Week 13:
Spatial Data and
Project 3 Introduction

Agenda

Spatial data overview

Spatial joins

Project 3 overview

Before we start, let’s recap…

In unit 1, we learned about time series data.

  • The tool to analyze time series data is time series decomposition and forecasting.

In unit 2, we learned about cross-sectional data.

  • The tool to analyze cross-sectional data is cluster analysis.

…and here’s where we’re going.

In unit 3, we will learn about panel data.

  • The tool to analyze panel data is regression analysis.

Panel data is a combination of time series and cross-sectional data, where we observe multiple units over multiple time periods.

On our way to regression analysis

Before we get to regression, we’ll take a short detour into spatial data.

Why?

  • Many panel datasets include geographic identifiers (like zip codes or counties).

  • To work with these, we need to know how to connect (i.e., join) different layers of spatial information (like store locations to zip codes).

  • This week’s tool: spatial joins.

To use spatial joins, we need to know what kind of spatial data we’re working with.

What is spatial data?

Data about a point or area defined in space.

Vector Data

  • Point (e.g., locations of stores, geotagged tweets)

  • Line Data (e.g., roads, rivers)

  • Polygon Data (e.g., boundaries of countries, lakes)

Raster Data

  • Grid/raster data is reported in a uniformly sized grid over some area (e.g., satellite images)

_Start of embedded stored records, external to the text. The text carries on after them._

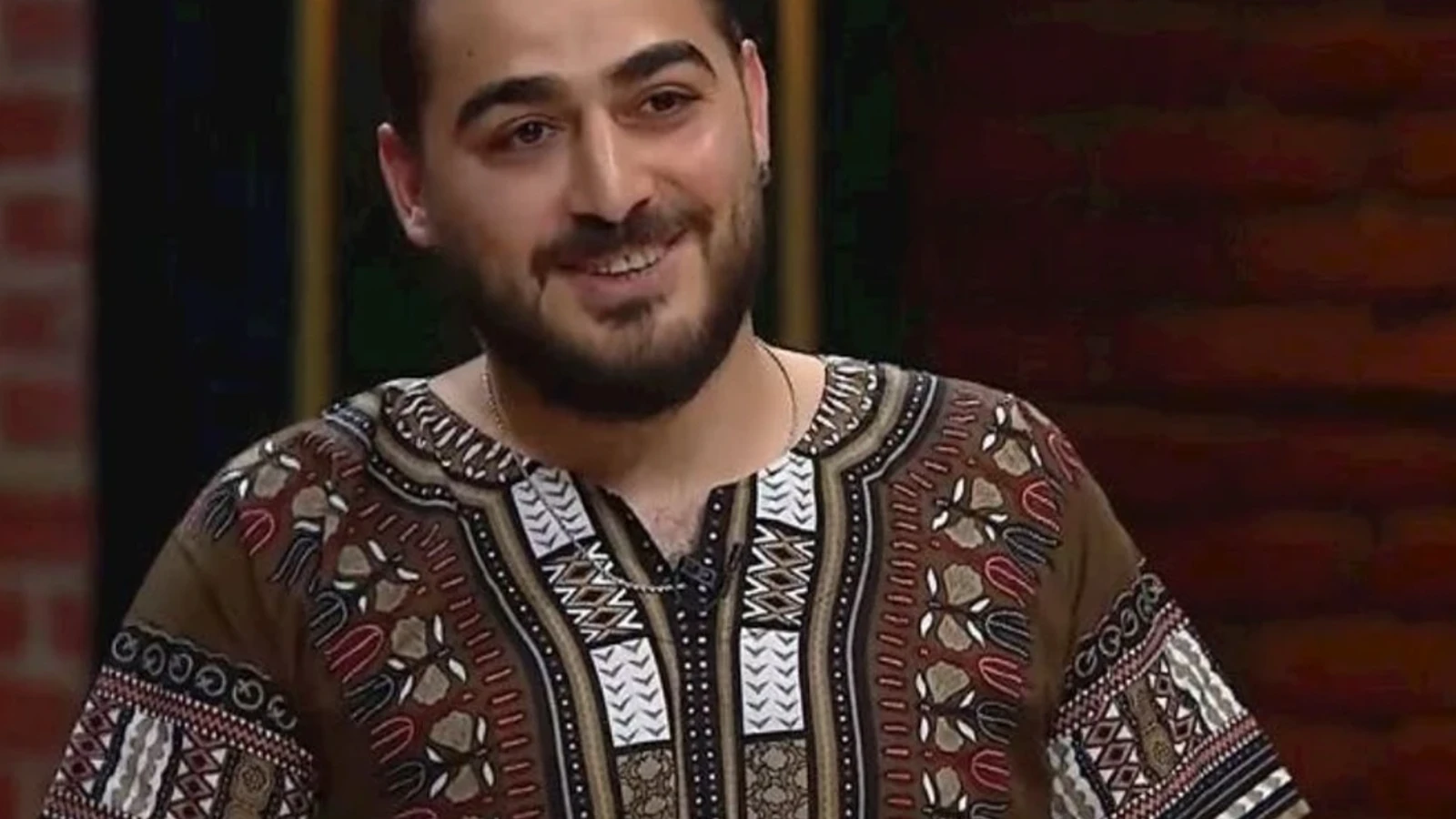 MasterChef ana kadroya giren 3. yarismaci Cagatay Doganay kimdir kac yasinda ne is yapiyor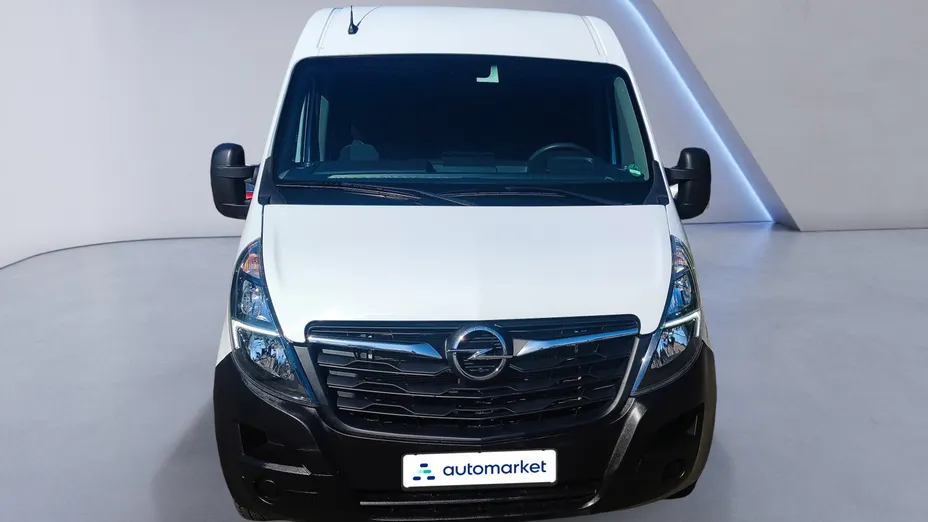 OPEL Movano Movano CDTI L2H2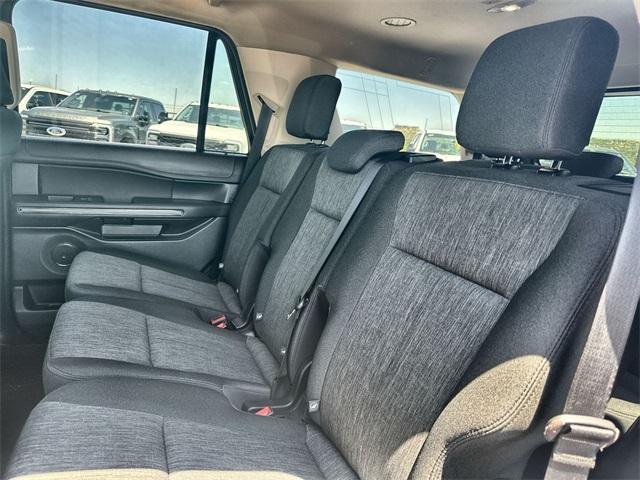 used 2022 Ford Expedition car, priced at $38,598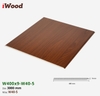 iWood W400x9-W40-5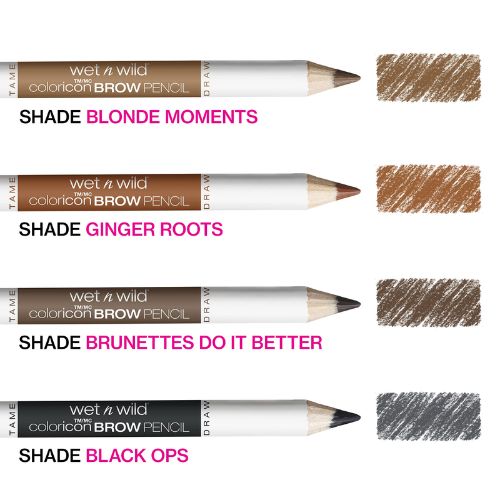 Coloricon Brow Pencil wet n wild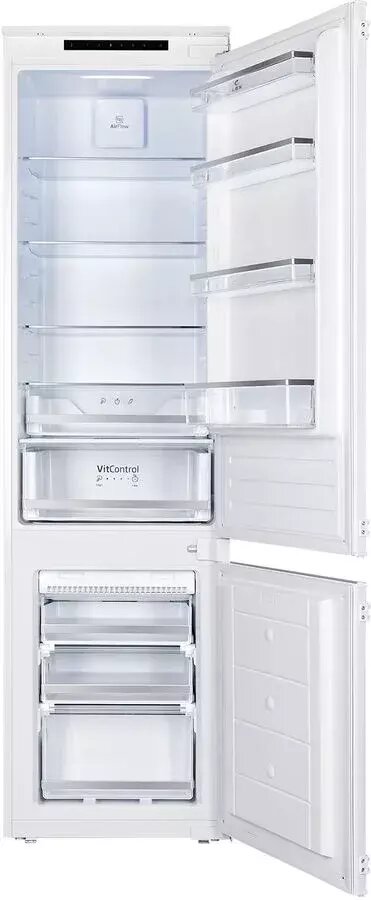 Холодильник LEX LBI193.1D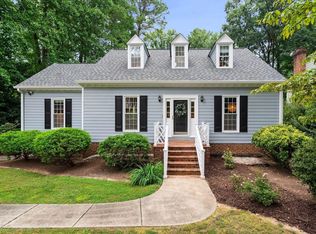 205 Lawrence Rd, Cary, NC 27511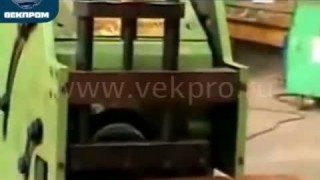 Кромкорез CHP 21G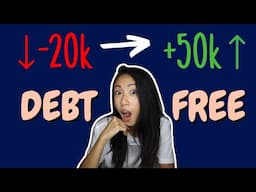 How I used other peoples money to make more money | Debt free in 4 years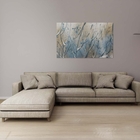 Piso Vinílico Em Manta Pvc 0,7mm Antiderrapante 34m² Imita Ma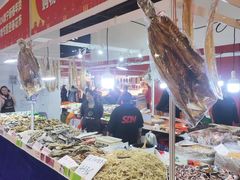 -南宁国际会展中心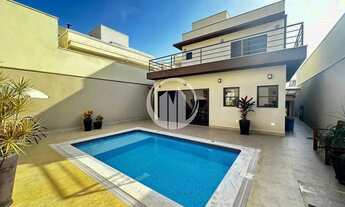 Imagem: Casa com 3 suítes - Residencial dos Ipês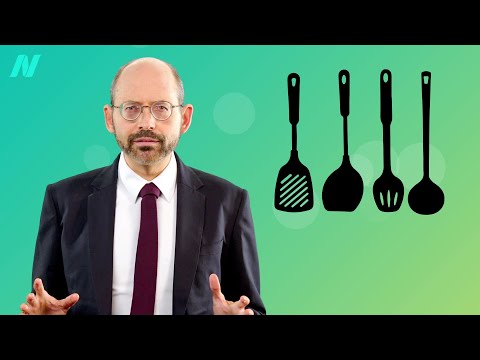 Are Melamine Dishes and Polyamide Plastic Utensils Safe?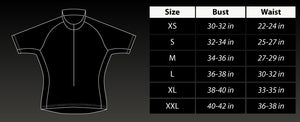 Texas Instruments - Female Short Sleeve Jersey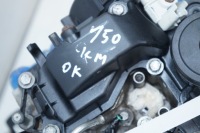 Двигатель стойку volvo c30 c70 s40 v50 d4204t 150 tys km 2.0d hdi 136km Недорого, фото thumb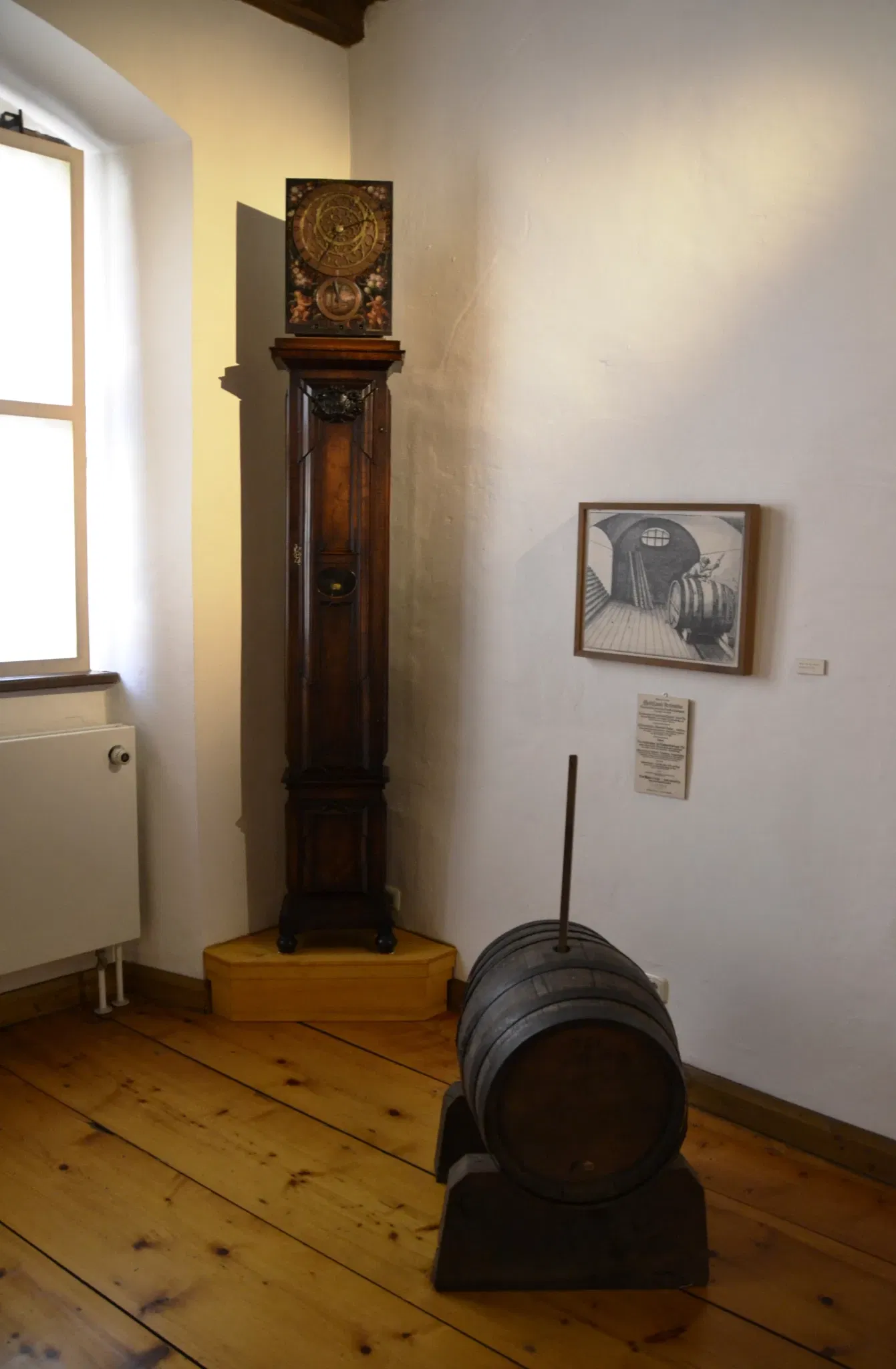 Kepler's Last Residence & Museum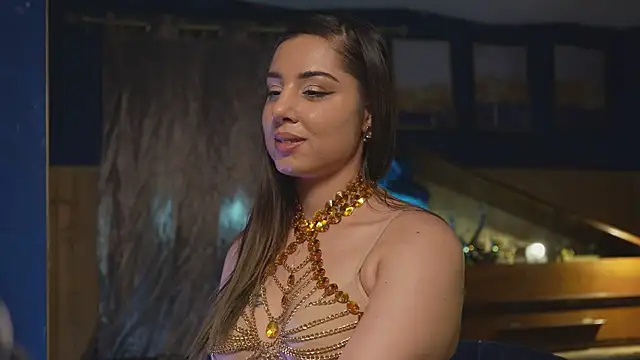 VanessaDoyle 라이브 XXX 채팅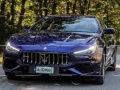 Игри Maserati Ghibli Hybrid Puzzle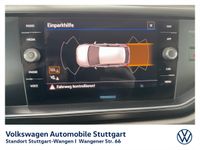 Volkswagen Polo - Vorschau Bild 13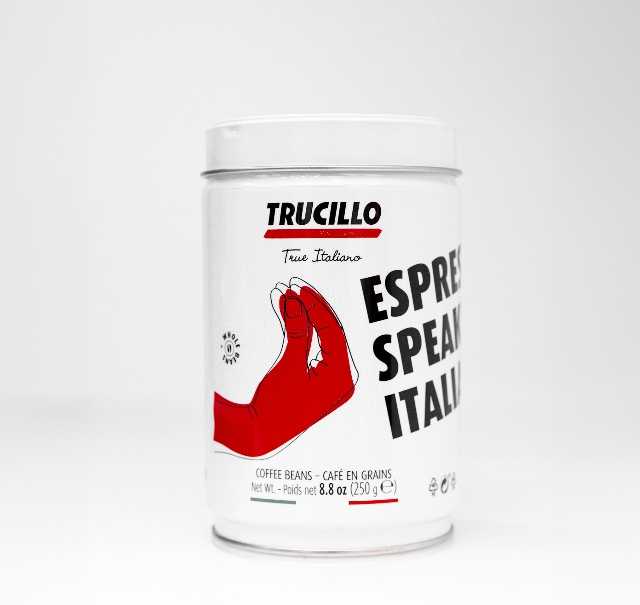 caffè trucillo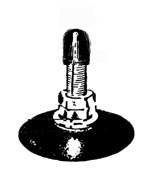 ��16������ۥ�����åס��Ρ��ޥ���塼�� 90/100*100/90-16��TR4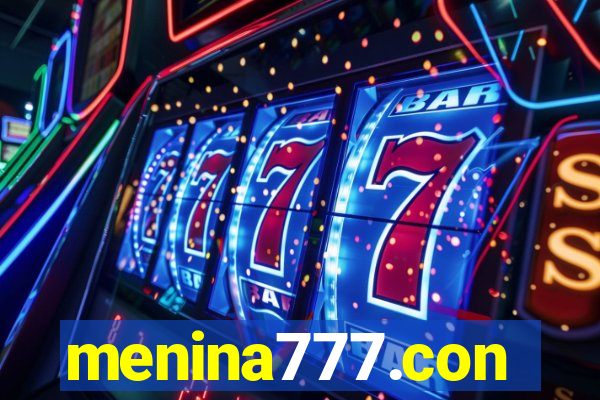 menina777.con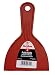 Red Devil 4714 4-Inch Plastic Putty Knife primary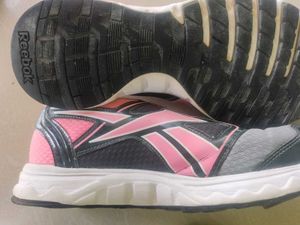 Reebok Shoe
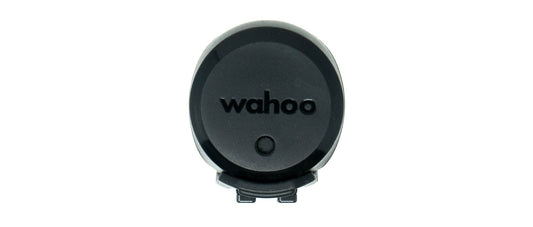 Wahoo TRACKR Speed Sensor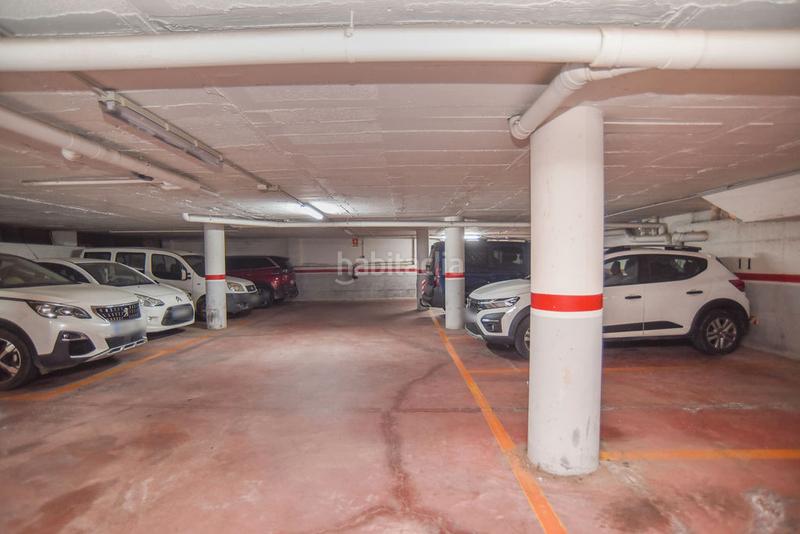 Foto e1722f5a-e0aa-46ce-8fbf-5f8f28a52f38. Car parking in Tordera Tordera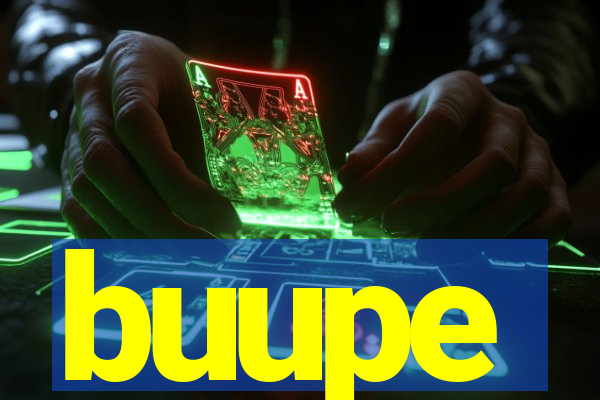 buupe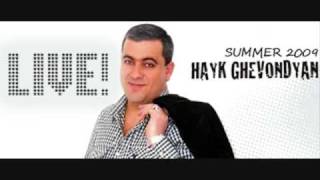 Hayko Ghevondyan Patron Dash Remix [upl. by Read]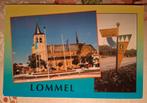 Postkaart Lommel, Verzamelen, Postkaarten | België, Ophalen of Verzenden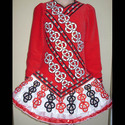 Dress X6815
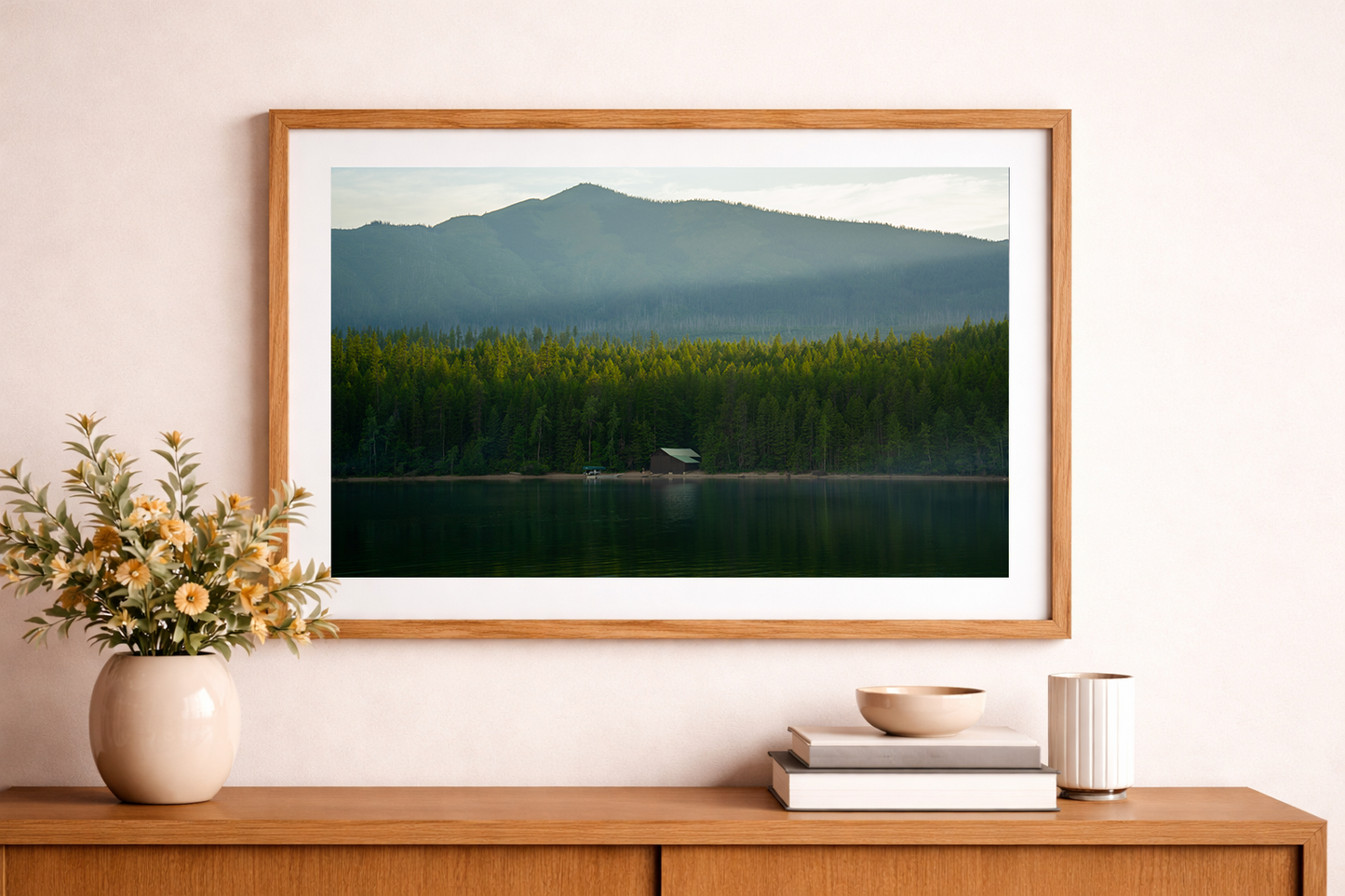 Lake McDonald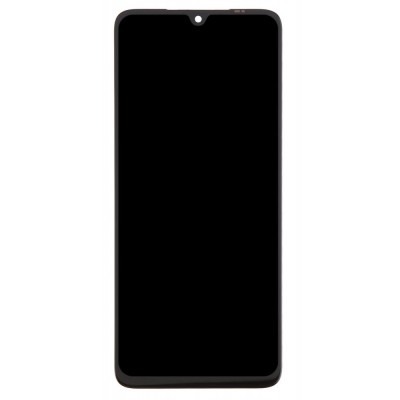 Lcd With Touch Screen For Motorola Moto G06 Green By - Maxbhi Com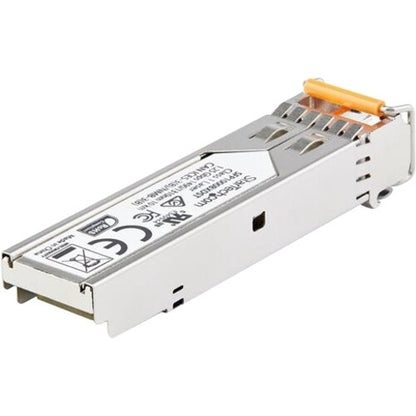 SFP Module - SFP-1G-BX80-U Comp - U/S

Common Sources of Spatial Data

Understanding Spatial Relationships

Concepts of Spatial Relationships

  • Distance and proximity

    • Spherical distance
  • Topology (e.g., adjacency, containment)
  • Accessibility and connectivity

Tools for Analyzing Spatial Relationships

  • Geographic Information Systems (GIS)

    • ESRI ArcGIS

    • QGIS (free GUI alternative)

    • R/Python libraries (scripted)

  • Spatial functions in databases (e.g., PostGIS)

Working with Spatial Data

Data Collection Techniques

  • GPS data collection
  • Remote sensing and aerial photography
  • Digitizing from paper maps or other datasets
  • Public datasets (e.g., Census, USDA Cropland Data Layer)

Data Processing and Cleaning

  • Geocoding and reverse geocoding

  • Calculating distance between objects

  • Calculating area of polygons

  • Spatial joins

Geocoding and Reverse Geocoding

  • Geocoding: Converting an address to a set of coordinates

  • Reverse Geocoding: The process from coordinates to address

Spatial Joins

  • Joining data based on shared location
  • Point to point
  • Points/lines to polygons
  • Polygon to polygon (intersecting polygons)

Takeaways

  • Spatial data references a location

  • Spatial data enables calculation and manipulation

  • Spatial information enables joining to other data (e.g., census)

Lab This Week

  • Read and process spatial data in R

  • Join spatial data

  • Prepare data for mapping in Tableau

Project 3

The Question

The goal of this project is for you to apply panel data analysis to answer a real world question.

This is also a chance to showcase your creativity and analytic skills, putting everything together that you have learned over the semester.

The Data

For this project, you will use the convenience store data (shopper_info, store_info, gtin) to select your \(y\), and choose one of the two additional datasets (census data or weather data) to choose your \(x\).

  • Option 1: Convenience store data and Demographic data from the US Census

  • Option 2: Convenience store data and Weather data from NOAA

Bringing It Together

Your question for project 3 should be in the form of: What is the association between \(x\) (an explanatory variable) and \(y\) (some outcome)?

  1. Choose one of the two options.

  2. Based on your question, determine the outcome (\(y\)) to evaluate from the convenience store data.

  3. Identify the controls (e.g., weather, population density) that you want to include. This (or these) will serve as your treatment or exposure variable(s), \(x\).

  • Including control variables in the regression explains a portion of the variation in your data leaving your variable of interest to explain the remaining variation.

You are responsible for merging or joining your datasets. This means that you must identify the unit of analysis in your datasets and aggregate data to the common unit of analysis.

Example Questions

Using Census

  • What is the correlation between population size and total store count at the zip code level?
  • What is the association between the number of convenience store locations and median income within a county?
  • What is the association between the number of energy drinks sold and the average age of individuals living in a county?

Using Weather

  • What is the correlation between total daily rain fall and packaged beverages sales at Allsups locations in Texas?
  • What is the correlation between the total daily rain fall and total sales in an area?